Raisner is correct in that many abortion support groups are concerned with the risks associated with self-managed abortion, especially in banned states. But this is because many of these groups actually aid and abet abortions. Mayday spreads vital information via innovative campaigns, but the nonprofit’s safety is ensured under the First Amendment because the group doesn’t actually distribute the abortion pills it advertises. As Raisner said, Mayday “doesn’t prescribe, provide, or even handle abortion pills.” Abortion funds, clinics, and organizers do.
“All Mayday has done is basically ad campaigns in the United States, and then they have a website that just links you to existing resources,” said Henderson. “I really fail to see how that’s helpful.”
The Mayday website does offer a step-by-step tool on how to get abortion pills. When Prism ran our North Carolina test case through Mayday, the process took under 30 seconds. We selected “Abortion,” then “Under 12 weeks.” We were then directed to find our state on a map, which marked “red states” and “blue states.” North Carolina was marked in the same shade of blue as New York, California, and Illinois. Still, we followed the directions for “blue state,” and Prism was, yet again, navigated to I Need An A. When testing the red-state option, we were funneled toward different ways to order abortion pills.
While guidance of when to stop taking abortion pills sometimes varies, unlike the personalized information we received from staffers at CAF, Mayday’s website does not take into account the complexities of accessing abortion care in states with bans. Mayday also did not provide as many resources as Charley in response to our test case. The other information Mayday offered was listed in small type as FAQs that included a broken link to the Abortion Coalition for Telemedicine, a link to Plan C, and a link to another informational abortion pill site, Red State Access. The crux of the information we gleaned from Mayday was from getting sent to I Need An A.
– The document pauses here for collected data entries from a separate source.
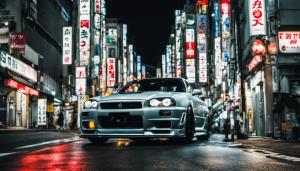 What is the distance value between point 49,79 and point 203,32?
64.9 ft

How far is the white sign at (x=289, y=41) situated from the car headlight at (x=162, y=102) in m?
15.8

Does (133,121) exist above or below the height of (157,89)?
below

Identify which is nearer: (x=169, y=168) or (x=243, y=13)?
(x=169, y=168)

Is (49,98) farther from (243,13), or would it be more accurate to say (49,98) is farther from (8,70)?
(243,13)

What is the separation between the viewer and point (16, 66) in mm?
33281

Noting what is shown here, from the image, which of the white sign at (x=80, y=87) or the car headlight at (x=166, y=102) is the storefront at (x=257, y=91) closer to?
the car headlight at (x=166, y=102)

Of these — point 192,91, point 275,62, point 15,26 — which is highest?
point 15,26

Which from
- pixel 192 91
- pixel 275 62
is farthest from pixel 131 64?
pixel 192 91

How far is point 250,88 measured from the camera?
33.6 metres

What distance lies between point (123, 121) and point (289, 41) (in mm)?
16468

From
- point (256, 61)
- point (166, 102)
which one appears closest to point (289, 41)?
point (256, 61)

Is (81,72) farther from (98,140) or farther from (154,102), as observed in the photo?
(154,102)

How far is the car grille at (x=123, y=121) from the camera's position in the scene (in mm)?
8938

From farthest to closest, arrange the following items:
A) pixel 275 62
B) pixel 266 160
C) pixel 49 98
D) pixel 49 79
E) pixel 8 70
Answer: pixel 49 79 < pixel 49 98 < pixel 8 70 < pixel 275 62 < pixel 266 160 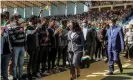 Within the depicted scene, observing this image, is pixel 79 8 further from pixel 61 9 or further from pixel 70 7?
pixel 61 9

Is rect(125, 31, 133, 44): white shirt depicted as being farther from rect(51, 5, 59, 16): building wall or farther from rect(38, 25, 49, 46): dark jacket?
rect(51, 5, 59, 16): building wall

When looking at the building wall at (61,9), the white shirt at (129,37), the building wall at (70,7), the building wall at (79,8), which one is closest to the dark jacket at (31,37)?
the white shirt at (129,37)

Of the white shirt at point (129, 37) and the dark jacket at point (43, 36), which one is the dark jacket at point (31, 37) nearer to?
the dark jacket at point (43, 36)

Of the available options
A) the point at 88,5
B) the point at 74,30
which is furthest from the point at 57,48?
the point at 88,5

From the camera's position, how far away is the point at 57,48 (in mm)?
12625

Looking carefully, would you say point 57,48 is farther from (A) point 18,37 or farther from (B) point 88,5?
(B) point 88,5

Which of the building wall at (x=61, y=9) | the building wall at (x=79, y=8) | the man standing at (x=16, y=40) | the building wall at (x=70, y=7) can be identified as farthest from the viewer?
the building wall at (x=61, y=9)

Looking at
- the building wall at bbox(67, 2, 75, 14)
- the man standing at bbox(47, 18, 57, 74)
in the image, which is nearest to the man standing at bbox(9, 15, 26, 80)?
the man standing at bbox(47, 18, 57, 74)

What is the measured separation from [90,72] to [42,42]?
2125 millimetres

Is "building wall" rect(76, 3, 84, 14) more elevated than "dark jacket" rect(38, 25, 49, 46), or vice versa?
"building wall" rect(76, 3, 84, 14)

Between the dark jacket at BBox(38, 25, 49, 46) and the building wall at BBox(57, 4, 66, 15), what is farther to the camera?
the building wall at BBox(57, 4, 66, 15)

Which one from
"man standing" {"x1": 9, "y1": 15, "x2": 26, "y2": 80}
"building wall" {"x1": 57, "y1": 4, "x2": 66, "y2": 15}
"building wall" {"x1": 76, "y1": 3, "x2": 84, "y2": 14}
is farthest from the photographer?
"building wall" {"x1": 57, "y1": 4, "x2": 66, "y2": 15}

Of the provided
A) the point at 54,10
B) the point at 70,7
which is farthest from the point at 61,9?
the point at 70,7

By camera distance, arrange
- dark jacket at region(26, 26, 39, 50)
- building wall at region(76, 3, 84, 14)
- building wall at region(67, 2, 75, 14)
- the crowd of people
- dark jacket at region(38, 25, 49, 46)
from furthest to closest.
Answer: building wall at region(67, 2, 75, 14), building wall at region(76, 3, 84, 14), dark jacket at region(38, 25, 49, 46), dark jacket at region(26, 26, 39, 50), the crowd of people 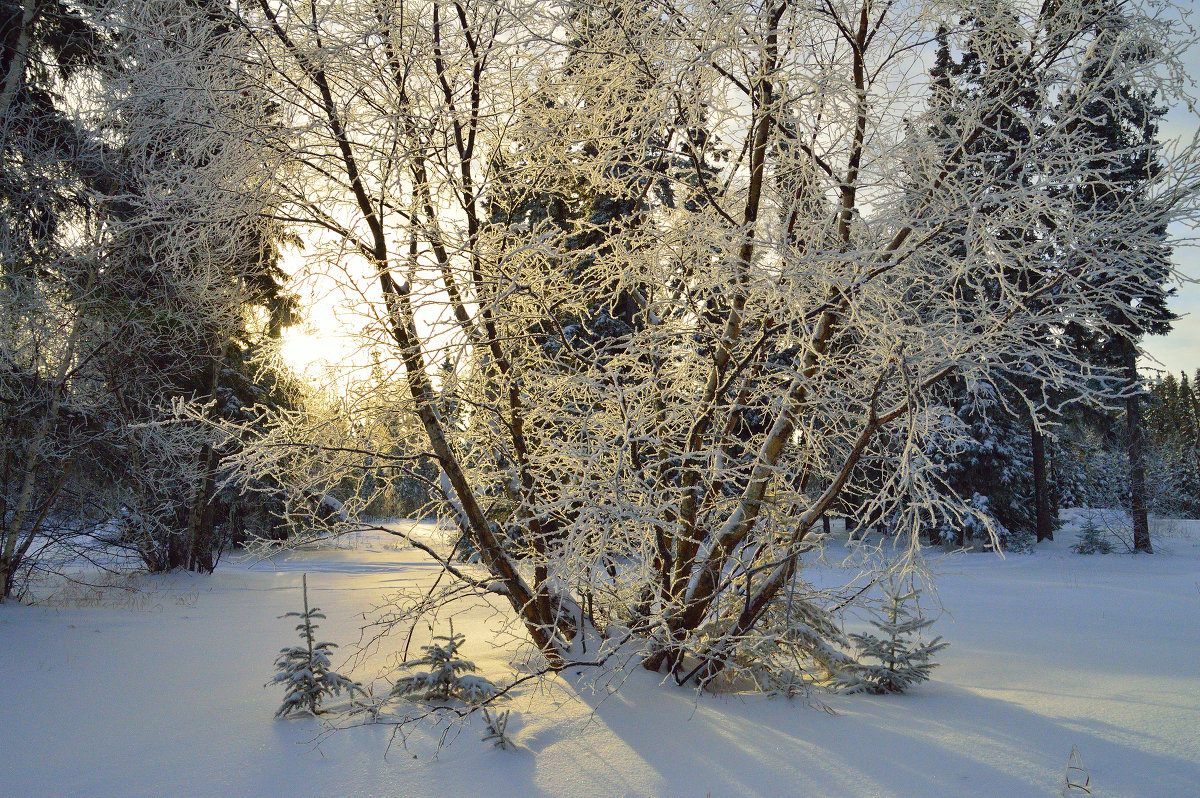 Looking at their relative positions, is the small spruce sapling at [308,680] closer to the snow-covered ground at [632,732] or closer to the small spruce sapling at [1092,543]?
the snow-covered ground at [632,732]

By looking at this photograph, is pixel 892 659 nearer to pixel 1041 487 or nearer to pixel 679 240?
pixel 679 240

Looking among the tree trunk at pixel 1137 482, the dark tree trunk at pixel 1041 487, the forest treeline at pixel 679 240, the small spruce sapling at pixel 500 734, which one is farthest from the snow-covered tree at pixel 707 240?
the dark tree trunk at pixel 1041 487

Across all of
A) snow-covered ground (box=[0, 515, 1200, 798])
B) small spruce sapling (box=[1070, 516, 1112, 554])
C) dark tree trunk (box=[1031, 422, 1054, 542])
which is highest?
dark tree trunk (box=[1031, 422, 1054, 542])

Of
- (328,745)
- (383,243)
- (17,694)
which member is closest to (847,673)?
(328,745)

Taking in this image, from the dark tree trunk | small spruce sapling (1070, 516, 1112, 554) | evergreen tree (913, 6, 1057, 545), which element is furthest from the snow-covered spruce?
the dark tree trunk

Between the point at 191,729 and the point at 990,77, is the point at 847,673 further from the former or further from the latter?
the point at 191,729

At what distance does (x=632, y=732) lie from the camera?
3.74 m

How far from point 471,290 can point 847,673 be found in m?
3.50

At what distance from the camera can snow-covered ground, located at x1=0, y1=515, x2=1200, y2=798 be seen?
3.11 meters

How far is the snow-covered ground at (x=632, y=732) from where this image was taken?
3.11m

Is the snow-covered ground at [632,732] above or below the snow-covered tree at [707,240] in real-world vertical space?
below

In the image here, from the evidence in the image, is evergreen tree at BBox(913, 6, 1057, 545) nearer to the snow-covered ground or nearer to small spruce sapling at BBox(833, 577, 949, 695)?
small spruce sapling at BBox(833, 577, 949, 695)

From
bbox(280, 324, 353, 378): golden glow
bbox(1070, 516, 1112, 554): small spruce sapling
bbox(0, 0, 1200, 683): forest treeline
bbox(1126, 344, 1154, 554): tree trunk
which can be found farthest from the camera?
bbox(1070, 516, 1112, 554): small spruce sapling

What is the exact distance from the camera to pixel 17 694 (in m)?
4.80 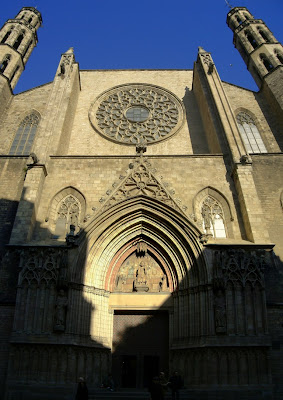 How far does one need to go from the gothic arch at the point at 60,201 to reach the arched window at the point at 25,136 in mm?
5298

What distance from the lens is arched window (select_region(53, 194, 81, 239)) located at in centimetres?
1256

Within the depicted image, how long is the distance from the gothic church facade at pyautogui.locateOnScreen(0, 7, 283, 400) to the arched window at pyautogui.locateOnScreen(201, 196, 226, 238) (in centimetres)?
4

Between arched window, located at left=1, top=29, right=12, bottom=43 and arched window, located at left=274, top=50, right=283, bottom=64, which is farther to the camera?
arched window, located at left=1, top=29, right=12, bottom=43

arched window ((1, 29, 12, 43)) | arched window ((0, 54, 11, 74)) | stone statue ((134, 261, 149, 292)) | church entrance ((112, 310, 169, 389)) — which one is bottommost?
church entrance ((112, 310, 169, 389))

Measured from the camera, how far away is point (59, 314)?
999 centimetres

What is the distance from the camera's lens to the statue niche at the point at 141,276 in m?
11.9

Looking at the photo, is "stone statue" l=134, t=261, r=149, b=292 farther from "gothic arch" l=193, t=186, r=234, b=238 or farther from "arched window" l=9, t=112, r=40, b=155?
"arched window" l=9, t=112, r=40, b=155

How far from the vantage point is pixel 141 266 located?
40.5 ft

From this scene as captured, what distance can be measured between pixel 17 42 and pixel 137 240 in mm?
18285

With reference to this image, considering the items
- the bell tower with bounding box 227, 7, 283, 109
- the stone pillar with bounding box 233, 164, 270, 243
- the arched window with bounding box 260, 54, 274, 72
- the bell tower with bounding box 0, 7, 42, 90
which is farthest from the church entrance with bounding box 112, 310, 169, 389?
the arched window with bounding box 260, 54, 274, 72

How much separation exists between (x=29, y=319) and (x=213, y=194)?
8.04m

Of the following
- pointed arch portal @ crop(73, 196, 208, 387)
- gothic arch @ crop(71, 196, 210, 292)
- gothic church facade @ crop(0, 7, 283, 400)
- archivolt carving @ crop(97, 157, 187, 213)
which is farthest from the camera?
archivolt carving @ crop(97, 157, 187, 213)

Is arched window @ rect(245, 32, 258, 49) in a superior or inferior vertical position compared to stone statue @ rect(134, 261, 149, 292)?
superior

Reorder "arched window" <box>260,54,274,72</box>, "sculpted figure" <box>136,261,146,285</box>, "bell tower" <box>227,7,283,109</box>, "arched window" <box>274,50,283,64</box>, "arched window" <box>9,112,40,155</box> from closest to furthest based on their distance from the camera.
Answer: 1. "sculpted figure" <box>136,261,146,285</box>
2. "arched window" <box>9,112,40,155</box>
3. "bell tower" <box>227,7,283,109</box>
4. "arched window" <box>274,50,283,64</box>
5. "arched window" <box>260,54,274,72</box> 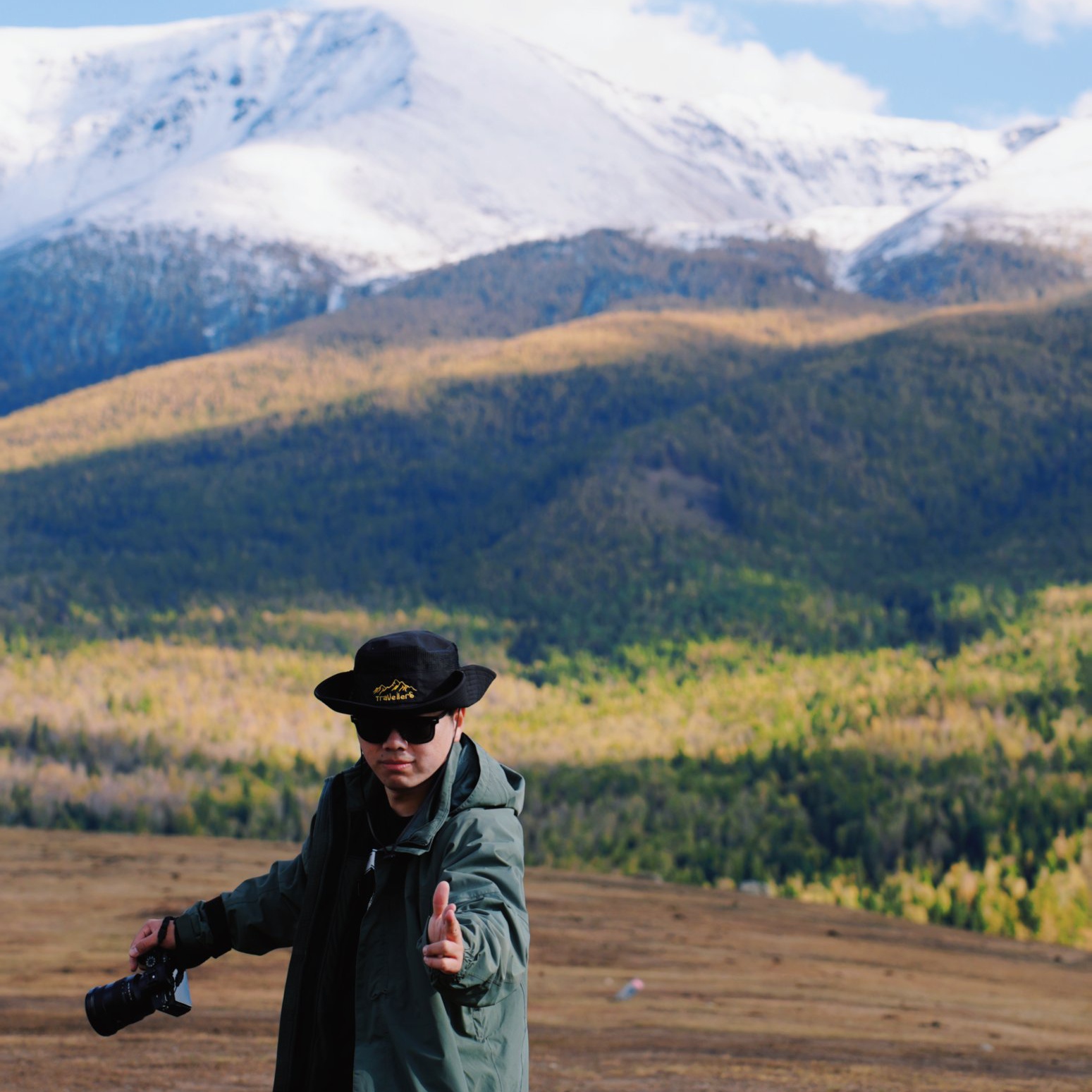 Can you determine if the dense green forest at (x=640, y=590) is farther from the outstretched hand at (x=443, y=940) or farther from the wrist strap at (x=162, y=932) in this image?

Still, Mayday has positioned itself as synonymous with abortion pills. According to co-founder Sam Koppelman, Mayday appears at the top of search results in banned states, making it one of the first resources for a desperate person seeking abortion care. This outsize presence in the abortion access landscape has gained Mayday a significant amount of support in the post-Dobbs philanthropy rush. According to 2023 tax filings, Mayday holds more than $2 million in revenue, including reportable compensation of $245,838 for the executive director and $173,294 for Raisner as “head of creative.”
Mayday’s funding could go a long way to help abortion funds, which routinely lack money and capacity.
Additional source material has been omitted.